> Try it: Take the line that contains "Ние сме равни..." and each one after it through the last line below, and retype them exactly. Leave out the pictures.

> Dataset content:

--------------------

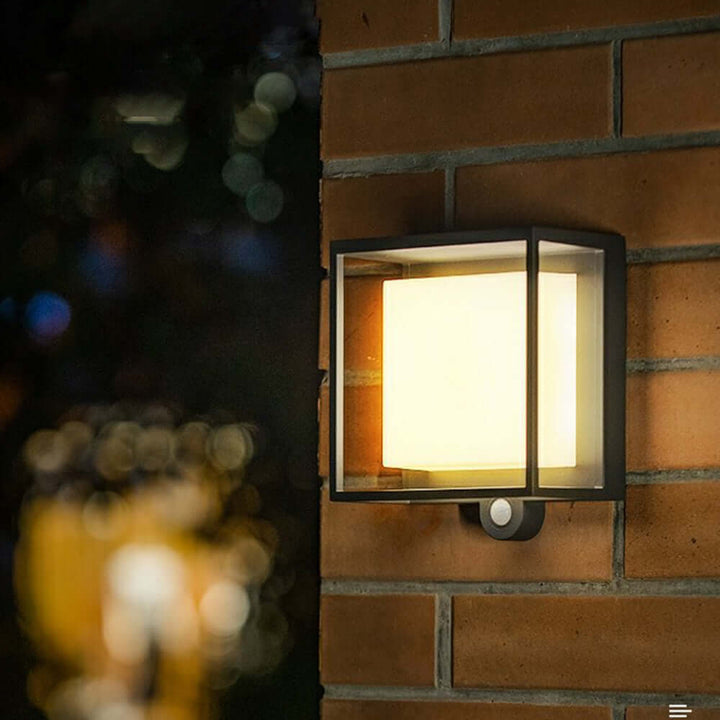 Moderni aurinkokenno-seinävalaisin, ulkokäyttöön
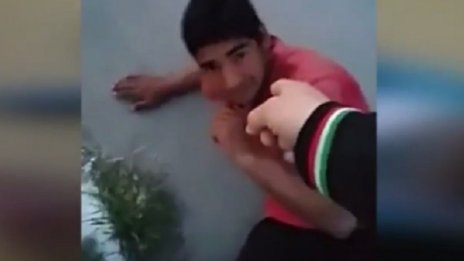 Ние сме равни... вбеси българин, сви юмрук и преби ром (18+) 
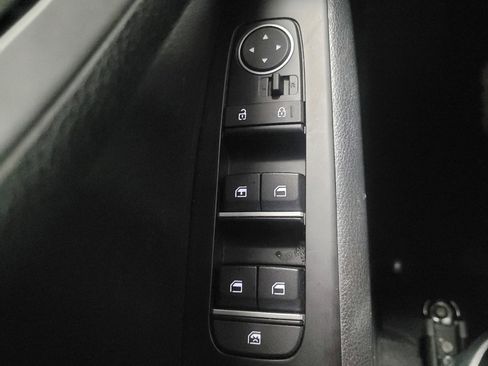 Used 2025 Kia Soul LX image 27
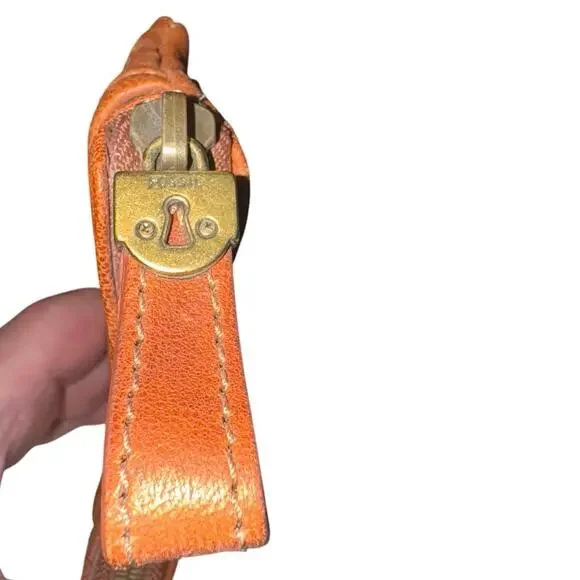 FOSSIL Keyhole Brown Leather Flower Pattern with Clip - Picture 4 of 10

--------------------

> Problem solution:
 Ние сме равни... вбеси българин, сви юмрук и преби ром (18+) 
 Used 2025 Kia Soul LX image 27
 FOSSIL Keyhole Brown Leather Flower Pattern with Clip - Picture 4 of 10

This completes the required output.